**Brief:** For the material below, output exactly the span from the line with "Quick Release Spray" to the line with "Saigon Cbd Apartment", including both, and nothing besides.

Exercise input START

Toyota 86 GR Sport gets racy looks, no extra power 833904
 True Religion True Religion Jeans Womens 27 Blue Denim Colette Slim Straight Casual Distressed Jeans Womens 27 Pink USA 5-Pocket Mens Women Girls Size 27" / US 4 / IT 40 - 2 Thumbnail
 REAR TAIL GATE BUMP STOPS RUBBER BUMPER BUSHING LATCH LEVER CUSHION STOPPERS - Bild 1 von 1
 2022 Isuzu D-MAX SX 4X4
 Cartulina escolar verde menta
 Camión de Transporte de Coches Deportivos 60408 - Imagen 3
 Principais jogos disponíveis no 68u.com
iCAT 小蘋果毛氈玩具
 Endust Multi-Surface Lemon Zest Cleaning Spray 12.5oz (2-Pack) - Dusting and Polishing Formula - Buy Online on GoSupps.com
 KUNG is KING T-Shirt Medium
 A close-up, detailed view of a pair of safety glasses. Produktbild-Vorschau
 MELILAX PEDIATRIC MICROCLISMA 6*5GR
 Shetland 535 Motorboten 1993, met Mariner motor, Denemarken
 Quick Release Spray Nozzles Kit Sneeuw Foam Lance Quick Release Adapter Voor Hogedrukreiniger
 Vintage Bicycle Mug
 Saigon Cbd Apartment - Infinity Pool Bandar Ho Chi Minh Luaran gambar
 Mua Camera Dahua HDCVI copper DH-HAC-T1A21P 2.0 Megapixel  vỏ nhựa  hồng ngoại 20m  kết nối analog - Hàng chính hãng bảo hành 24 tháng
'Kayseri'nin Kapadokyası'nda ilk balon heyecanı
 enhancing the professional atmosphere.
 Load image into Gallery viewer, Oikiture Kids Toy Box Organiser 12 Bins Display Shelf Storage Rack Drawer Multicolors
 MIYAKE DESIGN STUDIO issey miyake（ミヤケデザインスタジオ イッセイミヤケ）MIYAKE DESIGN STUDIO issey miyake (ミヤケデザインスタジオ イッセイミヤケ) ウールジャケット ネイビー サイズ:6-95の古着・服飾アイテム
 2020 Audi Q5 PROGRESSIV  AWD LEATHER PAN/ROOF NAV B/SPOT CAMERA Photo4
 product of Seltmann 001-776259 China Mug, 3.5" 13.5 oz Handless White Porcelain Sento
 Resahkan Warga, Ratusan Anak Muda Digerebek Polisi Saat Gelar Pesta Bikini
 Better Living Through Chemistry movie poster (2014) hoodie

Exercise input END

**Your response:**
 Quick Release Spray Nozzles Kit Sneeuw Foam Lance Quick Release Adapter Voor Hogedrukreiniger
 Vintage Bicycle Mug
 Saigon Cbd Apartment - Infinity Pool Bandar Ho Chi Minh Luaran gambar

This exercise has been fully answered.